Reputation: 875
I am trying to create an external table using Hive. Below is the Hive query I ran:
create external table trips_raw
(
VendorID int,
tpep_pickup_datetime timestamp,
tpep_dropoff_datetime timestamp
)
ROW FORMAT DELIMITED FIELDS TERMINATED BY ',' location '/user/taxi_trips/';
When I looked at the output from the 'trips_raw' table created by the query above, I saw that both the 'tpep_pickup_date_time' and 'tpep_dropoff_datetime' columns are 'NULL' in all rows. I have seen other threads talked about the reason being that the '1/1/2018 11:13:00 AM' timestamp format is not accepted by Hive, but problem is that's the timestamp format I have in my csv source data (as you can see from screenshot here).
I could specify those 2 timestamp columns as 'string' and Hive will be able to render them correctly, but I still would want those 2 columns to be 'timestamp' type so specifying those 2 columns as 'string' type is not a viable option here.

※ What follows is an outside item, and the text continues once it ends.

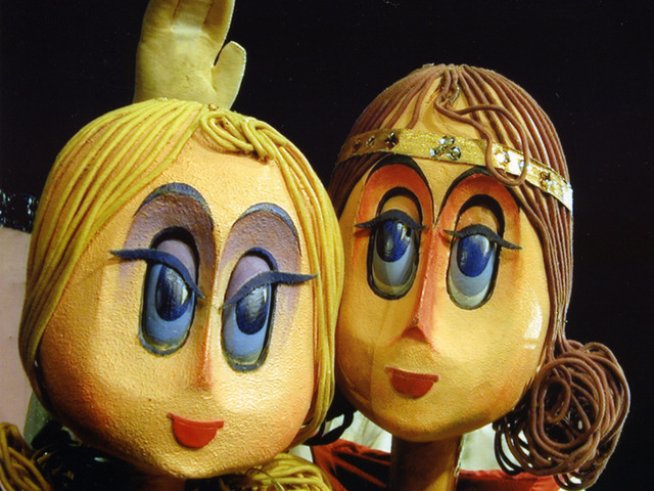 Снимка: Столичен куклен театър, "За граховото зърно и една принцеса"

I had also tried the following technique using recommendation from this site (https://community.hortonworks.com/questions/55266/hive-date-time-problem.html) but had no success:
Create the 'trips_raw' table using 'string' as type for the 2 timestamp columns. This allows the resulting table to render the timestamps correctly, albeit in 'string' type. The Hive command I used is shown below:
create external table trips_raw
(
VendorID int,
tpep_pickup_datetime string,
tpep_dropoff_datetime string
)
ROW FORMAT DELIMITED FIELDS TERMINATED BY ',' location
'/user/taxi_trips/';
When I look at the resulting table, the dates are shown as string as you can see from this screenshot below.
But as I had mentioned earlier, I want the time columns to be in timestamp type and not string type. Therefore in the next 2 steps I tried to create a blank table and then insert the data from the table created from Step 1 but converting the string to timestamp this time.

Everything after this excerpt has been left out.